Hello!
What is the proper way to retrieve image data from an LMDB dataset? The function caffe.io.datum_to_array() is complaining that data size doesn't correspond to datum.channels * datum.height * datum.width, since the images are stored in encoded form (PNG or JPG).
Here is a code snippet for a MNIST dataset:
import os
import lmdb
import caffe
path = '~/digits/digits/jobs/20151102-000300-1f84'
db_train = 'train_db'
db_val = 'val_db'
lmdb_env = lmdb.open(os.path.join(path, db_train), readonly=True)
lmdb_txn = lmdb_env.begin()
lmdb_cursor = lmdb_txn.cursor()
datum = caffe.proto.caffe_pb2.Datum()
for key, value in lmdb_cursor:
datum.ParseFromString(value)
label = datum.label
data = caffe.io.datum_to_array(datum)
Here's the error I get:
---------------------------------------------------------------------------
ValueError Traceback (most recent call last)
<ipython-input-1-19b8a378d124> in <module>()
16 datum.ParseFromString(value)
17 label = datum.label
---> 18 data = caffe.io.datum_to_array(datum)

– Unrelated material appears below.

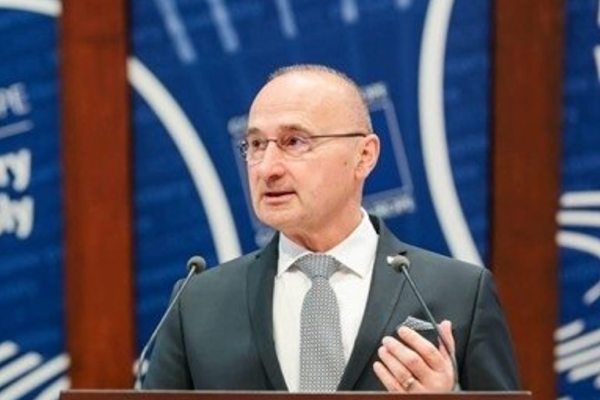 Radman: Kovacevic’in tutuklanmasını memnuniyetle karşılıyoruz Radman: Kovacevic’in tutuklanmasını memnuniyetle karşılıyoruz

/share/tools-install/caffe/python/caffe/io.pyc in datum_to_array(datum)
84 if len(datum.data):
85 return np.fromstring(datum.data, dtype=np.uint8).reshape(
---> 86 datum.channels, datum.height, datum.width)
87 else:
88 return np.array(datum.float_data).astype(float).reshape(
ValueError: total size of new array must be unchanged
I can display the image properly is I decode datum.data with PIL:
from PIL import Image
Image.open(Image.io.BytesIO(datum.data))

Accessory question: where could I have found the answer to this in DIGITS source code?
Cheers,
marco